I hope so! To fulfill its role, the New Story needs to be a living thing, not a fixed dogma. New developments, discoveries and understandings will likely keep it incomplete for a long time to come.
"Yes, of course, details will continue to change," you may say, "but might there also be some really major aspect that we should be able to see now, yet have overlooked? After all, looking back over the past 45,000 years suggests a tremendous amount of cultural continuity within long cultural epochs. The major elements of the Empire Story were already visible near the start of that epoch. If, as you claim, we are close to the beginning of the Planetary Era, after 500 years of transition, we should be able to see at least the broad outline of the Planetary Story. What assurance is there that we have the whole picture?"
To explore this question, we need to pull back from the details, and look at some of the fundamental differences between the Old and New Stories. That comparison should help to clarify the essential vision of each story, and may also help to reveal any major blind spots.
At the heart of the New Story, as I see it, are two testable (and thus contestable) understandings. The first has to do with our relationship with time. The New Story characterizes this relationship as fundamentally one of unfolding, evolution, and the creation of increasingly complex and conscious systems. The second has to do with our relationship to each other and the world around us, and is characterized by interconnection, interdependence, and interaction - neither total unity nor total separation.
The Old Story of the Empire Era also, of course, deals with these issues. It begins by seeing time as characterized by cycles (as in the seasons) but beyond these, the world is seen as fundamentally unchanging.

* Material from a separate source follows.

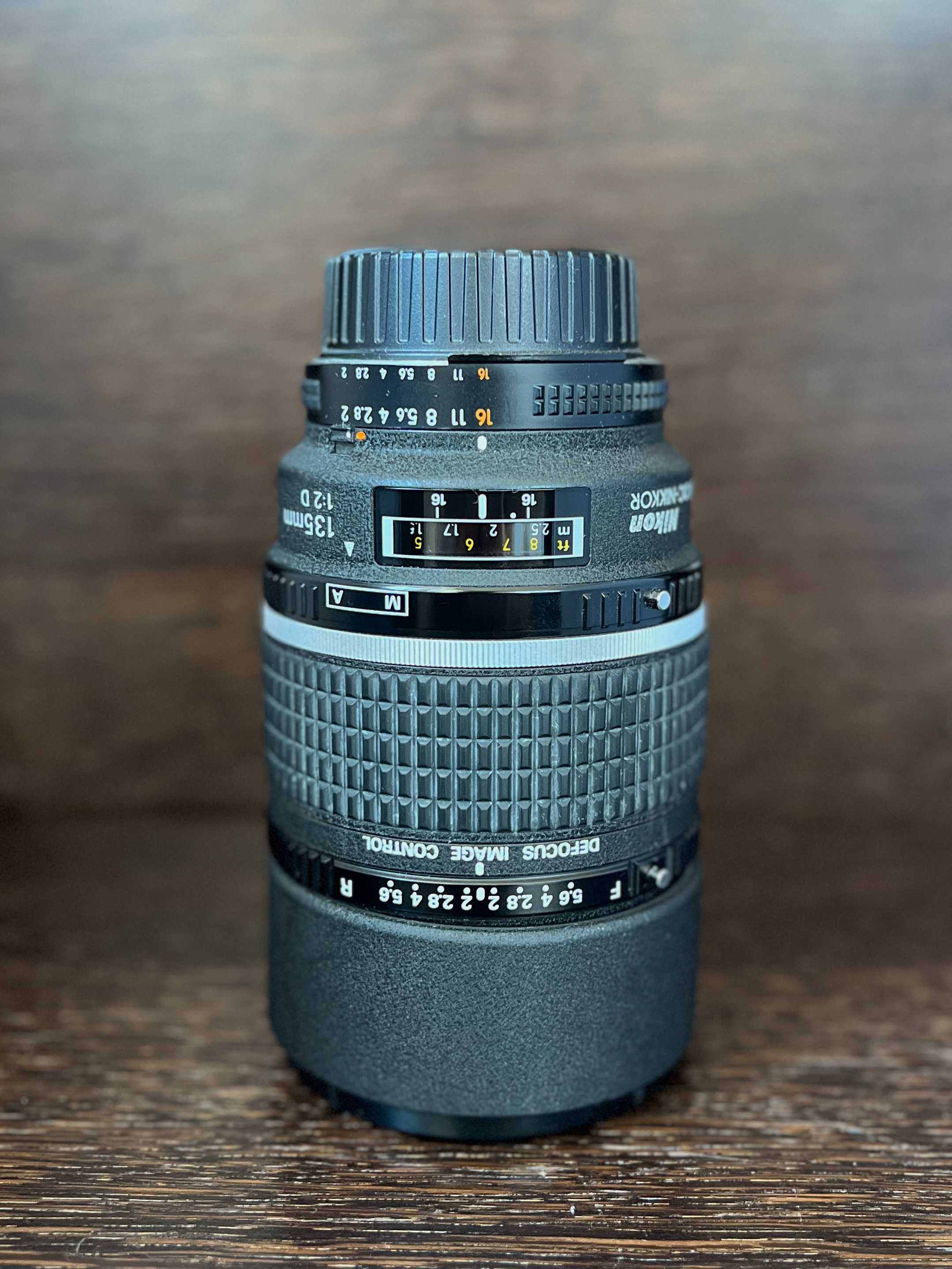 Obiectiv Nikon 135 mm f2 DC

As an absolute vision, it is deeply disempowering, for it sees a tragic zero-sum world in which death is always cancelling out life, no lasting new creation is possible, and life is a perpetual uphill battle to try to beat the averages.

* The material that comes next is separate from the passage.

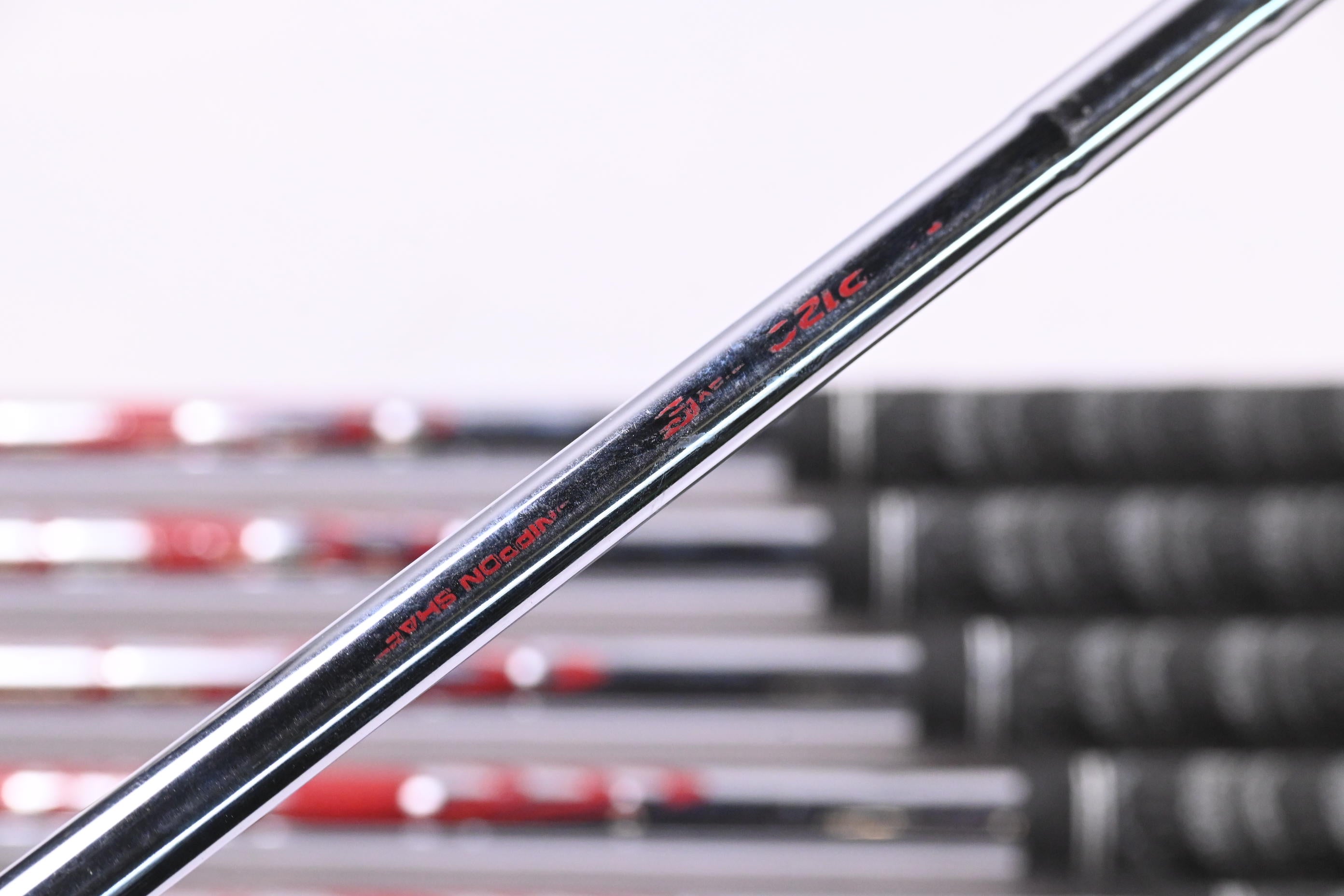 Callaway Steelhead XR Pro Irons / 4-PW / Stiff Flex N.S.Pro Modus3 Tour 120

The cyclic perceptions of the Old Story can be placed within the evolutionary framework of the New Story, where they can carry great wisdom and add to our understanding of interconnection. The New Story's view of time also includes other refinements, like the role of entropy. Indeed, our relationship to time is one of the best developed aspects of the New Story, and I don't see any major missing pieces in this area. While the mechanisms and purposes of evolution are still hotly debated, even Fundamentalists acknowledge the existence of large-scale change.